Many of the arguments by the respondents, realising that the days of the state as moral torch-bearer are over, concentrate instead on the arguments that pornography encourages sexual violence. Against this, the applicants argue that the existing legislation which forms the object of next week’s Court scrutiny has nothing to do with preventing violence: “The Act is concerned with moral disapprobation,” they contend.
Two cases, both arising from prosecutions under the Act, have been referred to the court, and President of the Court Judge Arthur Chaskalson has ordered that two cases be heard simultaneously, since both take issue with the same point of law.
Stephen Roy Curtis was arrested by a policeman who claims to have followed up an advertisement for erotic videos, and met Curtis at a pre-arranged place to which Curtis is claimed to have brought the videos. Patrick and Inga Case suffered a raid on their home, where police allegedly seized over 100 videos.
Fundamental to the applicants’ argument is the freedom of expression provision of the Constitution, which may be limited only in the interests of a free and democratic society. The onus is on the state to prove the need for such a limitation.
The applicants also argue that the Act as it stands violates the constitutional provisions for religious equality, since it is predicated on the need to protect “a Christian way of life”. The Act is also said to be unconstitutional in discriminating against homosexuality, and vague in its wording by using subjective and morally loaded terms such as
In responding, the state’s main concern appears to be the “tidal wave” of pornography which would assail the public if the present legislation were thrown out without being replaced with alternative laws. It recommends at the very least the application of section 35(2) of the Consitution, which allows for the limitation of those aspects of an old law which fall foul of the Constitution, rather than scrapping the law
New publications legislation is being drafted, and the state seems to be concerned with preventing a legal vacuum before the new laws are passed by Parliament.
The state also raises what it perceives as opposition to pornography by a majority of South Africans.

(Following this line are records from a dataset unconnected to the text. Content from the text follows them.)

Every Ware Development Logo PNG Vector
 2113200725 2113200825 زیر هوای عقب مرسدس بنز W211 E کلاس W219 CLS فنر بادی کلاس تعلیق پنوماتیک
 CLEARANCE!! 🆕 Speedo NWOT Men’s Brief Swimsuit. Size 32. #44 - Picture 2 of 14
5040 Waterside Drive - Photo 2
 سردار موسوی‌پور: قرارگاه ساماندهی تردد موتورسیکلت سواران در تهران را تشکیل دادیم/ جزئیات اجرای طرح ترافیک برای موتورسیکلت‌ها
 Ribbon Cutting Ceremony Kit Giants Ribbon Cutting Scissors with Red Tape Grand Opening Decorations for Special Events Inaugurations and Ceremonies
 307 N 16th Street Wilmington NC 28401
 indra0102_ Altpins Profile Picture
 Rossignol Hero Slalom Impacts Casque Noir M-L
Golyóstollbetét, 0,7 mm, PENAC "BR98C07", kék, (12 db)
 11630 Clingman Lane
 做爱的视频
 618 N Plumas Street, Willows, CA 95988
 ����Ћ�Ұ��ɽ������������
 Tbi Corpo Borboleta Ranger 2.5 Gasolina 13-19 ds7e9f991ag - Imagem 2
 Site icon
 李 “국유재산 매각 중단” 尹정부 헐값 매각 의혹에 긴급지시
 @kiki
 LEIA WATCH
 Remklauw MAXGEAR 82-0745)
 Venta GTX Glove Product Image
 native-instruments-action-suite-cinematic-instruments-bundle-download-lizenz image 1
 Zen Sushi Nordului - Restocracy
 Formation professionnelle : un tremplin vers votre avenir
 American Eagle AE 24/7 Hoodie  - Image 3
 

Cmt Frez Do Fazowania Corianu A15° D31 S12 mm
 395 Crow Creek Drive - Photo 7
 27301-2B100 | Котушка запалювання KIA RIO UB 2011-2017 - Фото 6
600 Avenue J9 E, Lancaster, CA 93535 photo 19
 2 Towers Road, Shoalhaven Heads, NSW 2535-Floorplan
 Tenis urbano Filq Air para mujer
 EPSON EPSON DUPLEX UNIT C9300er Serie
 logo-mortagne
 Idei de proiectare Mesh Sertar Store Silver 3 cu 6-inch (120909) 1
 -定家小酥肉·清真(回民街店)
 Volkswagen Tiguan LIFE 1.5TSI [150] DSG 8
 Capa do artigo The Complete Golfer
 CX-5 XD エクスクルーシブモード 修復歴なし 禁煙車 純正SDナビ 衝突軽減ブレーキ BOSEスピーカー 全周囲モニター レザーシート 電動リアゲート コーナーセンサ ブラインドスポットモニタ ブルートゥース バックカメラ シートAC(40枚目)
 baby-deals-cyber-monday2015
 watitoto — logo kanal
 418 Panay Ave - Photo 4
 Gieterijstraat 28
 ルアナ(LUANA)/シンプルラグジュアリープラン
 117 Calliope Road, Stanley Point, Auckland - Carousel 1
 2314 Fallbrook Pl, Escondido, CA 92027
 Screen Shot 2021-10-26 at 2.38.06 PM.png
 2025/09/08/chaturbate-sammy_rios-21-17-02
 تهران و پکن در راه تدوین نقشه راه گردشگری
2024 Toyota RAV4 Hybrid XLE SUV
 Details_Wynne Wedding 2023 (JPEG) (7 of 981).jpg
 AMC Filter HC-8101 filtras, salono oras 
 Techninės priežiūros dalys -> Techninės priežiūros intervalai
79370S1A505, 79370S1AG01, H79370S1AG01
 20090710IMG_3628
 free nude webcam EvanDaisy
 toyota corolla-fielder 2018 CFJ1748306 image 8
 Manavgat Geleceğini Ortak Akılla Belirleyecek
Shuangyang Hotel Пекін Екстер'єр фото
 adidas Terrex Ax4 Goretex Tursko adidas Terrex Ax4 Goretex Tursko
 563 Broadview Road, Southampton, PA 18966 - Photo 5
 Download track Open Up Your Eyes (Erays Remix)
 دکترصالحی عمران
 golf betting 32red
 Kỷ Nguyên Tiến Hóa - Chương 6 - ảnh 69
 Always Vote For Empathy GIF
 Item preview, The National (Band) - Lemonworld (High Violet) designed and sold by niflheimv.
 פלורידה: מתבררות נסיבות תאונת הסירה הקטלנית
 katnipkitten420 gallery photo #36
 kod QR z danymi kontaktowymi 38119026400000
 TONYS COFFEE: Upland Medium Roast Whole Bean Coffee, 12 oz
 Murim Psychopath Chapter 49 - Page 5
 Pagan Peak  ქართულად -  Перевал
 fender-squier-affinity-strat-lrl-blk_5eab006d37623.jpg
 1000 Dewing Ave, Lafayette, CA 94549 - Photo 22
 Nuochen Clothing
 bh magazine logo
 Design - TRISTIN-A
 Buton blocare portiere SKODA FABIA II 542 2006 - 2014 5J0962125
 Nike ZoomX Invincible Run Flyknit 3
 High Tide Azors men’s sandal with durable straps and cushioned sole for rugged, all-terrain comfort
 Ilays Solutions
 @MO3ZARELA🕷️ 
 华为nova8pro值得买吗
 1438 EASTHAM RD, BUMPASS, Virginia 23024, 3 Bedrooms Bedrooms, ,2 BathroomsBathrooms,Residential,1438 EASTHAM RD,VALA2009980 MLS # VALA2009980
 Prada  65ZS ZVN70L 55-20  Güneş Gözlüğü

The case before the court could also see the end of the Publications Control Act, or part of it. While both Curtis and the Cases were charged under the Indecent or Obscene Photographic Matter Act, the applicants are arguing that the Publications Control Act is so closely intertwined with the Indecent or Obscene Photographic Matter Act that if one is unconstitutional, then the other must also inevitably be scrapped. For example, material which is deemed “not undesirable” by the Publications Control Board in terms of the Publications Control Act is exampt from the Indecent or Obscene Photographic Matter Act. The state contests this, saying that the Acts are sufficiently independent to stand alone.
The state does, however, acknowlege the vagueness and inconsistencies in the present legislation, which form an important strand in the applicants’ argument.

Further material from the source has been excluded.